Le responsable du barrage a assuré que l'eau s'écoulant depuis le nord du pays devrait atteindre l'ouvrage autour du 5 septembre.
- 'Difficile d'atterrir' -
La NDMA a indiqué que plus de 80.000 hectares de terres cultivables avaient été ravagées, et plus de 3.400 kilomètres de routes et 157 ponts emportés par les eaux.
L'Indus menace désormais de sortir de son lit, alimenté par les eaux de dizaines de rivières et de ruisseaux de montagne dans le nord, en crue à cause des pluies record et de la fonte des glaciers.
La plus grande partie du Sind est maintenant sous l'eau, ce qui entrave les opérations de secours placées sous la supervision de l'armée pakistanaise.

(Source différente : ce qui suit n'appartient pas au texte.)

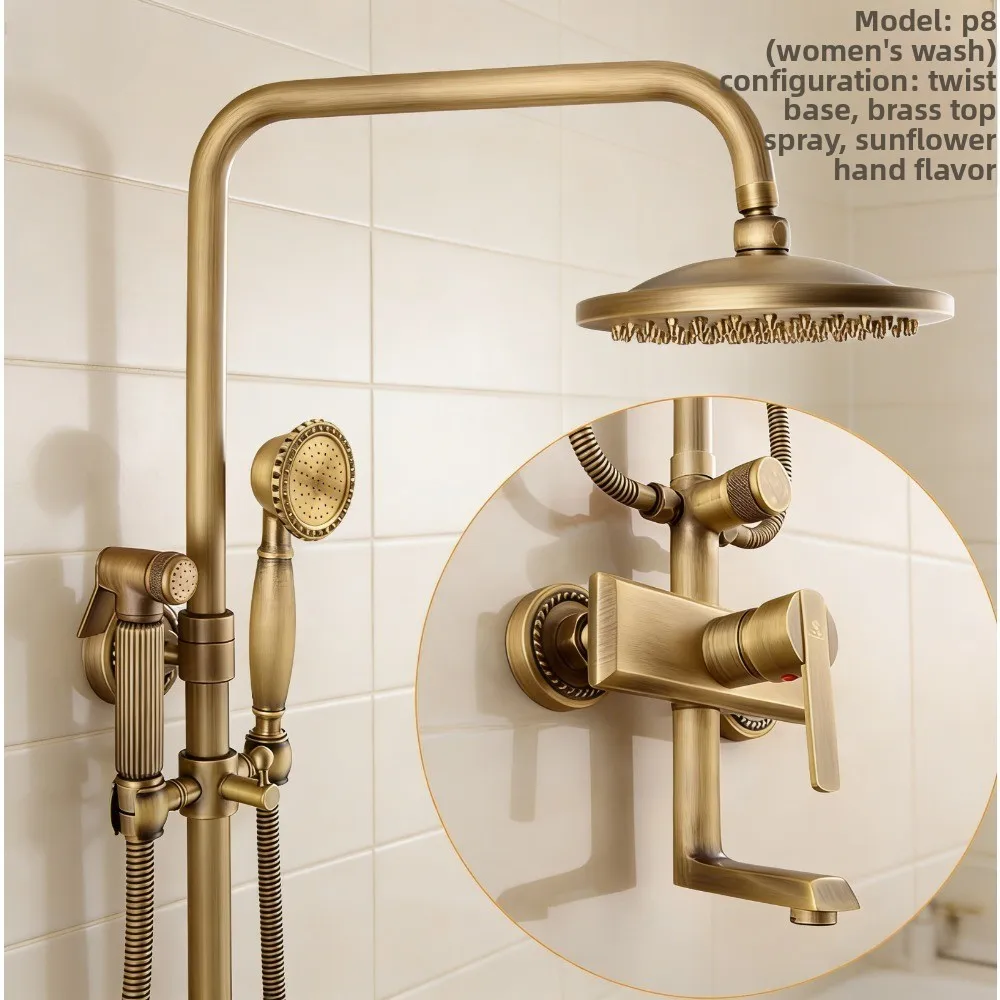 

Набор для тропического душа, душевая система, красивый латунный классический смеситель для ванны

"Il n'y a aucune zone d'atterrissage ou d'approche disponible (...) Il est difficile pour nos pilotes d'atterrir", a déclaré à l'AFP un responsable militaire, sous couvert d'anonymat.
Les hélicoptères de l'armée ont également des difficultés à venir au secours des personnes en danger dans le nord du pays, où le relief, constitué de hautes montagnes et de profondes vallées, rend les conditions de vol extrêmement risquées.
Le gouvernement a déclaré l'état d'urgence et appelé à l'aide la communauté internationale.
Dimanche, les premiers vols apportant de l'aide humanitaire sont arrivés, en provenance de Turquie ou des Emirats arabes unis.
Ces inondations surviennent au pire moment pour le Pakistan, dont l'économie s'effondre et qui connaît une profonde crise politique depuis l'éviction du Premier ministre Imran Khan en avril, à la suite d'une motion de censure à l'Assemblée nationale.
Le Fonds monétaire international devait se réunir lundi à Washington pour donner son accord à la reprise d'un programme de prêts de 6 milliards de dollars, essentiel pour la pays, mais il est déjà clair que le Pakistan aura besoin de plus pour reconstruire les infrastructures détruites par les inondations.
Le prix des aliments de base montent en flèche et des problèmes d'approvisionnement se font déjà ressentir dans les provinces du Sind et du Pendjab.